The owner of a website onto which a purportedly stolen Goldman Sachs Group Inc computer code was downloaded has declined to say whether or not other people accessed the code while it was on the site.

Roopinder Singh, who runs file storage website xp-dev.com, told Reuters in London on Friday that computer files show whether or not the valuable code -- which U.S. prosecutors have charged former Goldman employee Sergey Aleynikov with stealing -- was viewed by others, but he declined to say what they show due to the scale of the case.

According to Singh, accounts at xp-dev.com initially have a privacy setting that only lets the user see them. However, users can change that setting to allow other people to view files.

Private is the default, he said. You then have the option ... You can explicitly either share it (or keep it private).

He declined to say what the settings on Aleynikov's account were.
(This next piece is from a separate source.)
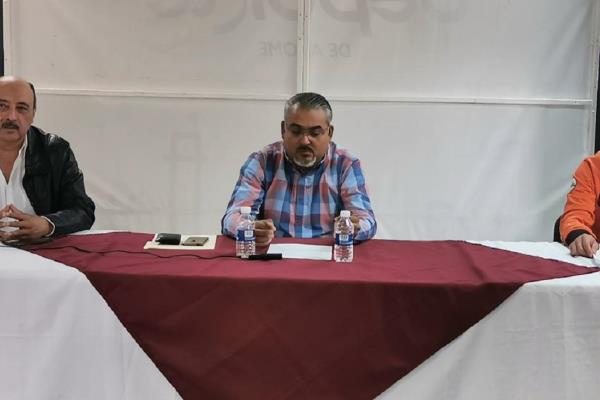 Listo Torneo de ajedrez «Benito Juárez García» en su XIII edición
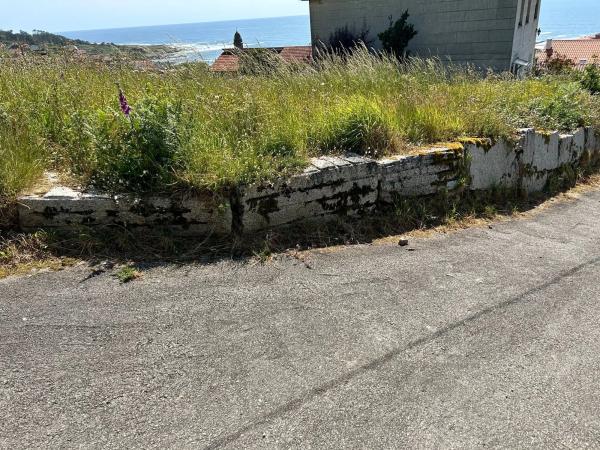 Terreno en Lugar a Riña, 2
Singh also said German authorities had taken hardware from the website on Monday, while the UK's Serious Organized Crime Agency visited his flat in south east London several hours later that evening. He said his website was down until Wednesday morning.

On Monday afternoon the hard drives were seized -- German authorities took away the hard drives to do forensic work on them.
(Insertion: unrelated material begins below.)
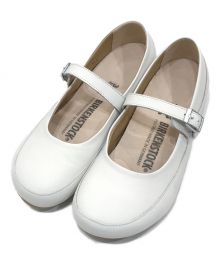 BIRKENSTOCK（ビルケンシュトック）の古着「LISMORE」｜ホワイト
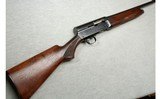 Remington ~ Model 11 Riot ~ 12 Gauge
I wasn't really (initially) told it was connected to the Goldman case, Singh said. On Wednesday morning they came back to my place and I deleted the data.
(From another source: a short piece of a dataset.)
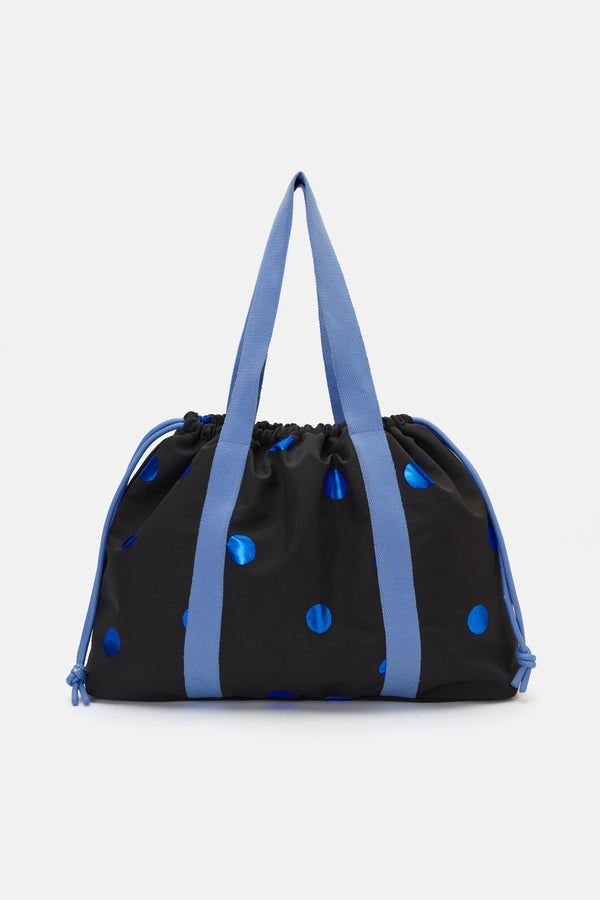 Gorman - On The Dot Carry All Tote - print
The FBI in New York said earlier this week it had taken measures to prevent code being sent from the server in Germany.

Working through our assistant legal attache in Frankfurt and with the authorities in Germany, the FBI has taken steps to ensure that the appropriated code was not distributed, FBI spokesman Jim Margolin said.

Singh said that he had previously had no connection with Aleynikov and that anyone could set up an account on the site.

Aleynikov's lawyer said on Friday that there was confusion over what was being said and written about the code.

The lawyer, Sabrina Shroff, said: They talk about open source code and proprietary information as though it were the same thing.

Shroff said: He (Aleynikov) has not said anything about sharing proprietary information. In fact he denies guilt. There is no guilt, and there is no harm to Goldman Sachs.

The purported theft of the code could cost Goldman Sachs millions upon millions of dollars, a U.S. prosecutor, Joseph Facciponte, said at 39-year-old Aleynikov's initial court appearance in New York on Saturday. He was arrested on Friday night and interviewed by the FBI.

Goldman Sachs declined to comment while a Serious Organized Crime Agency spokesman was unable to comment.